Świat93 ofiary choroby chikungunyi na Reunionie

93 ofiary choroby chikungunyi na Reunionie

W wyniku epidemii egzotycznej choroby
tropikalnej chikungunyi, której wirusa przenoszą komary, na
francuskiej wyspie Reunion zmarły 93 osoby - podał w Paryżu minister zdrowia Xavier Bertrand. Na chikungunyę zachorowała niemal jedna czwarta mieszkańców wyspy.

03.03.2006 | aktual.: 03.03.2006 15:29

Populacja tej wyspy na Oceanie Indyjskim liczy 760 tys. Chikungunya szerzy się tam od roku. Poprzedni bilans mówił o 160 tysiącach zachorowań i 77 zmarłych. W 15 przypadkach zachorowaniom na chikungunyę towarzyszyło zakażenie dengą - podał minister Bertrand.

Miejscowe władze sanitarne w Saint-Denis na Reunionie podały w środę, że od 1 stycznia tego roku na wyspie odnotowano 19 przypadków dengi. Cztery z nich to sama denga, pozostałe - to współzakażenie chikungunyą-dengą.

Minister Bertrand zapewnił, że wszystkie środki, jakie zastosowano na Reunionie, zostaną zastosowane na Mayotte - drugiej francuskiej wyspie na Oceanie Indyjskim, zamieszkanej przez ok. 180 tys. ludzi. Według czwartkowego komunikatu z Mayotte, wystąpiło tam ponad 2162 zachorowań na chikungunyę, a liczba przypadków niemal podwoiła się w ciągu 10 dni.
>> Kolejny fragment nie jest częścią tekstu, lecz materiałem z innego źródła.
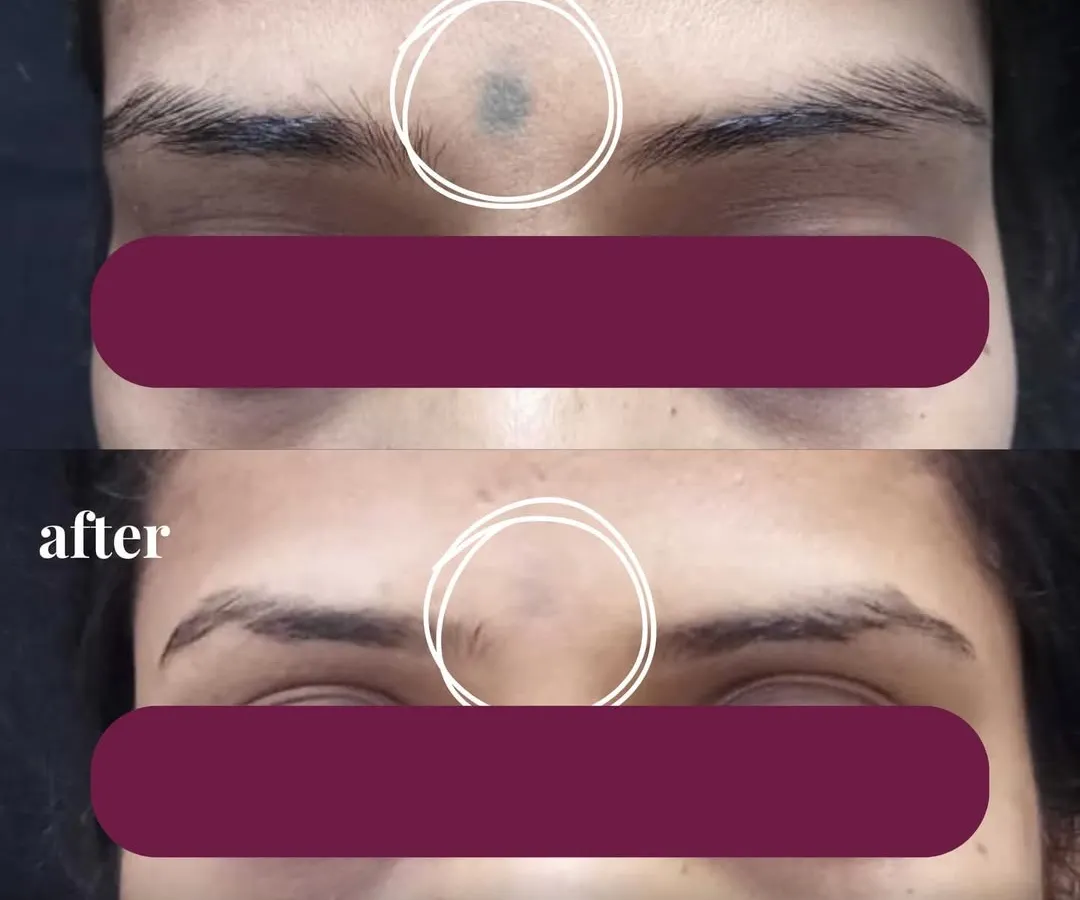 Here you can see the significant fading of a facial tattoo after a course of laser tattoo removal sessions. My approach focuses on gradually breaking down the ink pigment with each treatment, allowing the body to clear it naturally. This ensures the skin's integrity is protected while achieving clear, impressive results.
Wirus chikungunya należy do arbowirusów i jest przenoszony na człowieka przez komary, głównie z gatunku Aedes aegypti, najczęściej w okresie pory deszczowej. Wywołuje objawy podobne do dengi. Występuje przede wszystkim w Afryce, Azji Południowo- Wschodniej i w Indiach.

W języku suahili "chikungunya" oznacza "tego, który zgina, skręca się" z bólu. Do tej pory uważano, że wirus nie może być przyczyną śmierci. W 4-7 dni od ukąszenia pojawiają się bóle głowy, gorączka, swędząca wysypka, bolesne opuchnięcie stawów, upośledzające chodzenie i ruchy kończyn. Kostki i nadgarstki mogą boleć nawet przez kilka tygodni po zakażeniu. Terapia polega na podawaniu leków przeciwzapalnych i przeciwbólowych, a ochrona na zabijaniu i odstraszaniu komarów.

W niedzielę premier Francji Dominique de Villepin zapowiedział wyasygnowanie z budżetu państwa ponad 90 mln euro dla Reunionu: dwie trzecie z tej sumy na rekompensaty dla gospodarki wyspy żyjącej głównie z turystyki i na podwyższenie zasiłków dla najuboższej ludności, 22 mln euro na opiekę lekarską i prewencję, w tym darmową dystrybucję 300 tys. opakowań repelentów. 7 mln euro przeznaczono na opracowanie szczepionki przeciwko wirusowi.

W sobotę profesor Francois Bricaire z paryskiego szpitala Pitie- Salpetriere ujawnił, że na oddział chorób zakaźnych przyjęto ok. 30 turystów, którzy wrócili z Reunionu z wirusem chikungunyi.

W końcu lutego WHO doniosło, że przypadki zakażenia wirusem zanotowano również m.in. na Mauritiusie (206 przypadków) i Seszelach.